I don’t know what the Sooke potholes are exactly except there are trees, a couple cliffs, a big river and four parking lots. There used to be an unfinished resort at the top of the cliff, which had millions of dollars of cut giant beam timber walls, stairs and flooring but no roof. The conservation society took over the property a couple years ago, removed the timber, fenced up the rest and then put in 4 parking lots so we could see something that wasn’t there anymore. Here is a picture of me walking down to the river bank. Notice how other people are staying hundreds of feet away from me; this includes the person taking the picture.
There is a trail on the rocky boulders above the river. “I see dead people.” I told Linda.
“No.” She said, “I’m pretty sure they are just sunbathing.”
“Loot?” I started to move toward the dead people and all their shiny property.
“Why don’t we try another path?” She suggested steering me away from the bodies.
My father was path-finding, which kept him far ahead of us. This is his habit, making sure he is too far away to hear us shouting to stop. He found us a shortcut. Only it ended in a field of the pollen heavy Scottish Broom. My mother is very allergic to Scottish Broom. She might have said something sarcastic if her lungs hadn’t swollen up. After that, my father was demoted to assistant path-finder.
Once we got to the top of the cliff there were two signs. The first sign expressly forbid the consumption of alcohol with stiff penalties. The other sign suggested that people not jump off the cliff (which varied from 60-120 feet high).

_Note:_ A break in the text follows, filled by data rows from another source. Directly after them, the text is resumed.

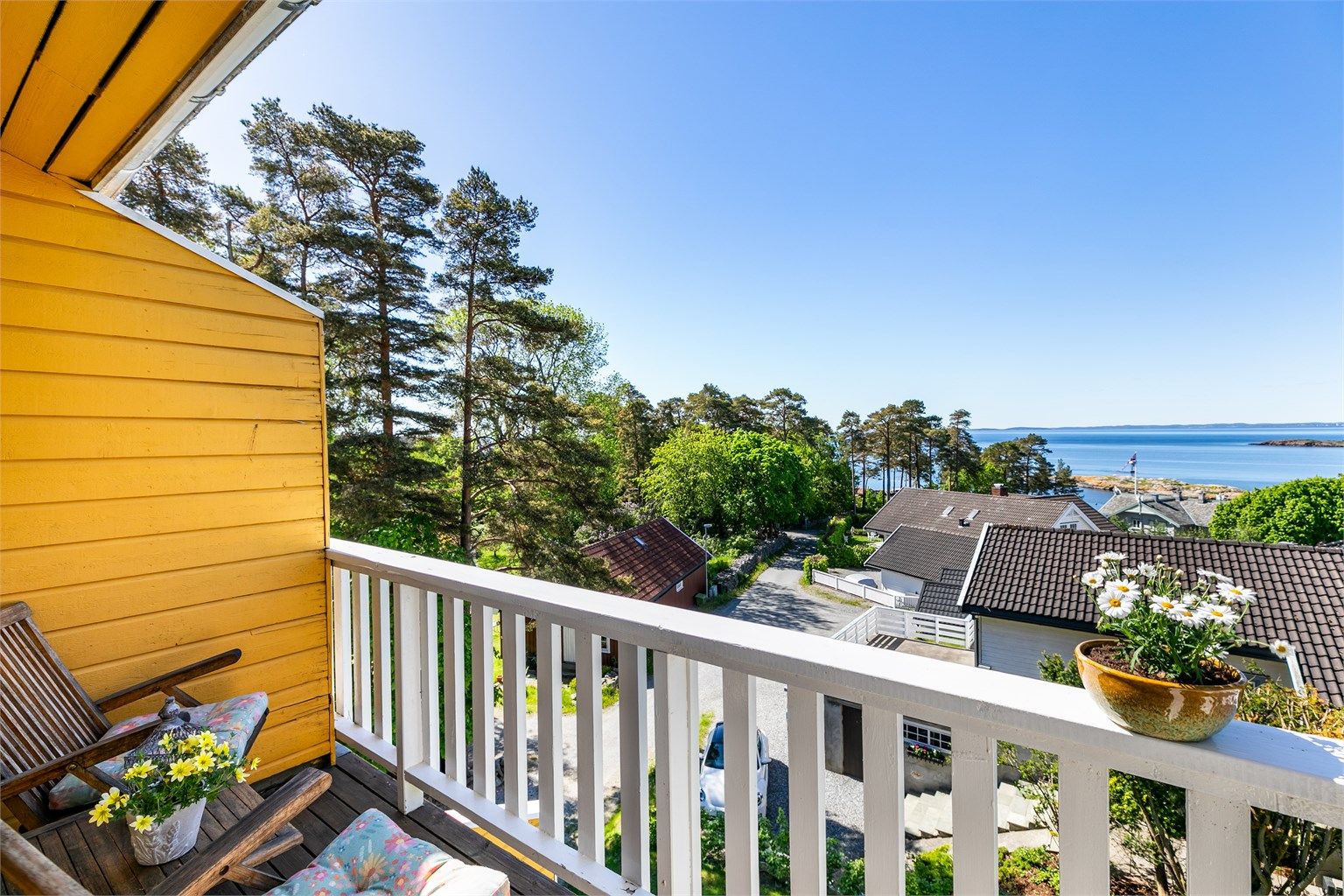 To Balkonger på vestsiden med gode solforhold fra midt på dagen til sent på kvelden.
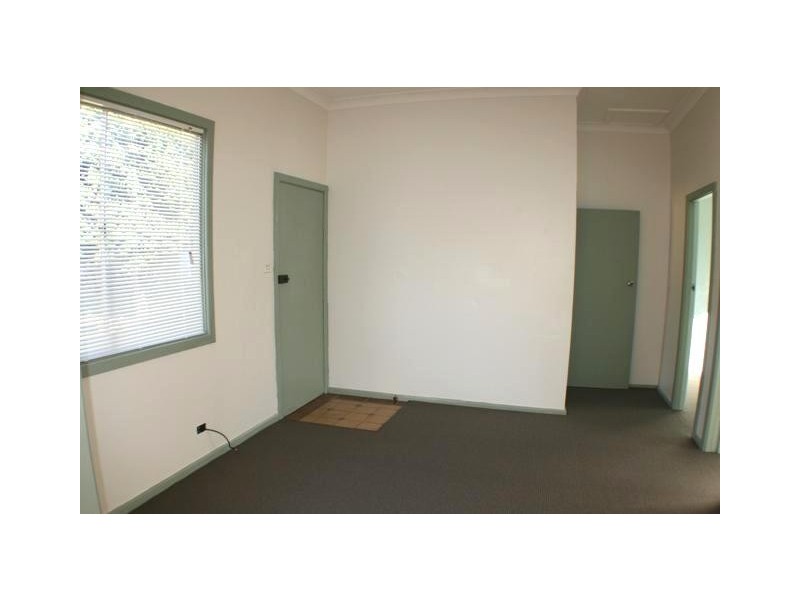 16 Milne Street, Tahmoor NSW 2573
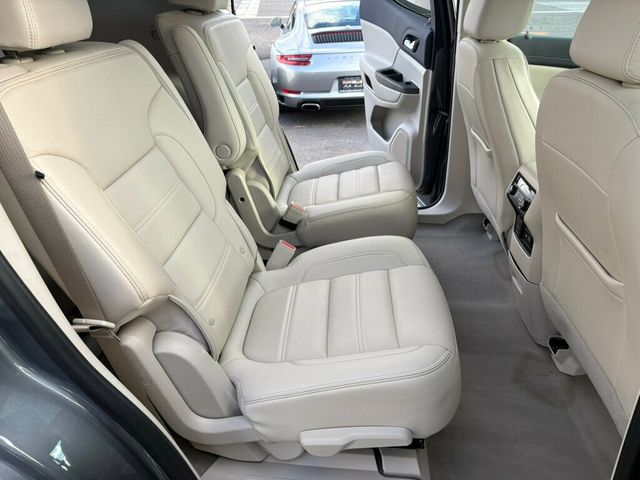 2022 GMC Acadia LocalTrade/DenaliUltimatePkg/AdaptiveCruiseControl/BlindZone/NAV - 22967930 - 23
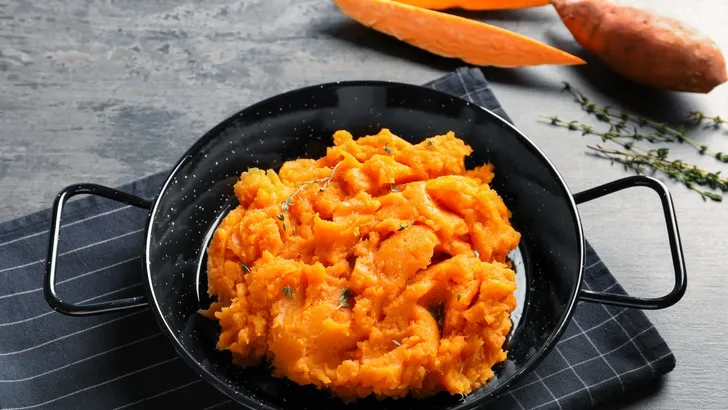 Recept: zoete aardappelstamppot met witvis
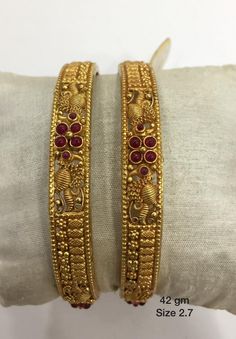 Ankle Bracelets Gold, Gold Bangles Indian, Gold Jewels Design, Neck Pieces Jewelry, Gold Bangles For Women, Gold Bangle Set, Gold Jewelry Simple Necklace, Handmade Gold Jewellery, Gold Bridal Jewellery Sets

It gave sensible reasons, on the assumption that the people who want to jump off cliffs were doing so rationally. “It’s nice of them to show the underwater hazards,” my mother said. I wasn’t sure the picture was exactly to scale. We all stared at the sign. It was almost a bonding moment.
On the way back we stopped for sub sandwiches. Mine gave me food poisoning for the next 12 hours. Praying over the toilet reminded me of all the times I was sick growing up. I got sick a lot. I think it was a break for my parents as I stopped asking questions, trying to see the face of God, or starting detective agencies. They didn’t have Prozac or Ritalin back then. My poor parents. Happy Mothers Day.